Thursday, September 9, 2010

Just Struggling Right Now

I'm not sure why it's happening right now but I've been struggling the last couple of days. I still haven't "cracked" or anything and eaten horribly but I've really been tempted to and it's just been some rough sledding. I knew this would happen at some point but I felt so great at the beginning of the week that it's taken me completely by surprise that this going on right now.

I was actually on Papajohns.com tonight and thought about ordering a Large Thin Crust pizza with ham, pineapple and mushrooms with light sauce and light cheese. I didn't do it though. I just couldn't do that to myself but in some ways I really, really wanted to. Giving in would've been so easy. I know that while I was eating too much pizza I would've just hated myself but kept eating. I KNOW this is how I would've felt because it's happened before. I didn't do it though so that is a little victory.
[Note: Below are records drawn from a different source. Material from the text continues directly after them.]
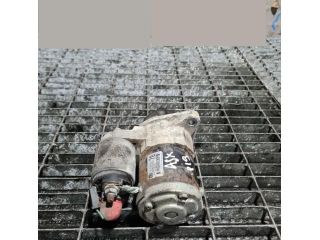 bontott MITSUBISHI ASX Önindító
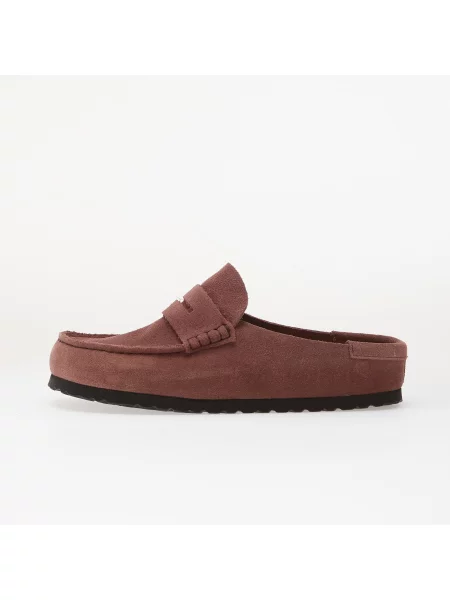 Sneakers Birkenstock Naples Wrapped LEVE Pepper EUR 39
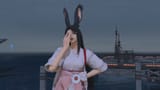 ffxiv_dx11 2025-07-02 18-04-39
I haven't been sleeping the best. Well, once I get to sleep I'm okay but falling asleep has been a bit of a pain in the ass. I thought I was past that since for a few weeks I was really sleeping great and falling asleep easily. This came after a short time of falling asleep trouble when I first cut the calories down.

Right now, I just feel like I'm fighting against myself and my "normal" nature and it's extremely difficult. I know if I can get past this though I'll be a stronger person for it and will also have more faith in myself and what I'm capable of. But, it is a real true test of faith and some intestinal fortitude to fight through this. I know I can't lose this fight and I'm not going to lose this fight. I'm worth it dammit....I'm worth the fight.

3 comments:

JenMarie said...

Yep, keep fighting... You are doing AMAZING!!

JIM said...

Just stay strong. You are doing great!!!!

Jason said...

Good for you for not giving in to those little temptations that gain momentum way too easily. Keep it up. Anybody can do this when the trials and temptations aren't there. You really earn it by persevering through the rough spots. Earn it! You haven't made it this far by accident.